He then tried another online retailer with a smaller transaction, and again noticed that the balance didn't change. Hughes then put through a transaction for an amount larger than the remaining balance on his prezzy card, and was surprised to discover that the purchase was authorised by the online retailer.
Since the Prezzy cards can be purchased anonymously at any NZ Post branch, Hughes says the scope for abuse is obvious. Anyone can buy a card, make online purchases over and above the amount deposited, leaving the retailer to carry the can.
NZ Post's general manager for payment services, Terese Tunnicliffe, says that this is indeed what will happen: "The retailer is accepting the risk that the purchaser does have sufficient funds for the transaction and is not committing fraud - or making a genuine mistake about the amount of funds available," she says.
Tunnicliffe explains that the case quoted to her by Computerworldindicates that the retailer was not authorising the transactions in real time, or immediately. The retailer is enabling transactions to be completed without consistently confirming that there are sufficient funds available on the Prezzy card being used, she says.

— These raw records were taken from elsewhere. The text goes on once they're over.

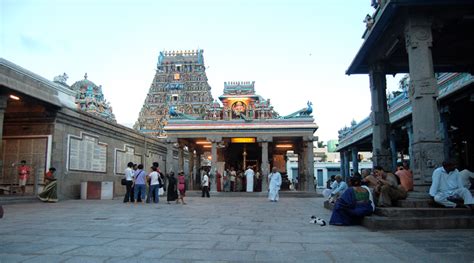 Take a tour of some of the most iconic temples in Chennai – Welcome to ...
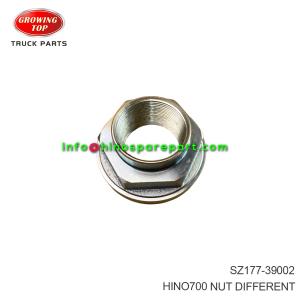HINO700 NUT DIFFERENT SZ177-39002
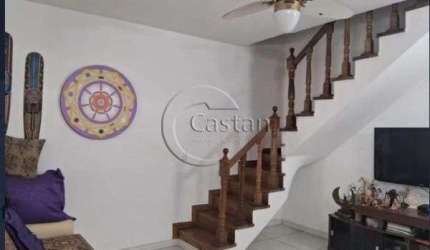 Casa em condomínio fechado com 2 quartos à venda na Cotonificio Adelina, --, Belém, São Paulo, 90 m2 por R$ 630.000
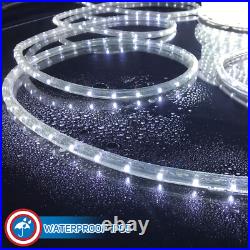 Russell Decor LED Rope Lights Indoor Outdoor Decorative Lighting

To avoid having transactions charged-back to them, NZ Post encourages all retailers who want to accept payment cards for online purchases to seek approval on all transactions immediately. However, Tunnicliffe adds that the choice of doing ultimately lies with the retailer.
New Zealand Prezzy cards can have up to $500 deposited on them with a mininum of $25 required, and cost $5 to buy. They cannot be re-charged once the initial deposit runs out.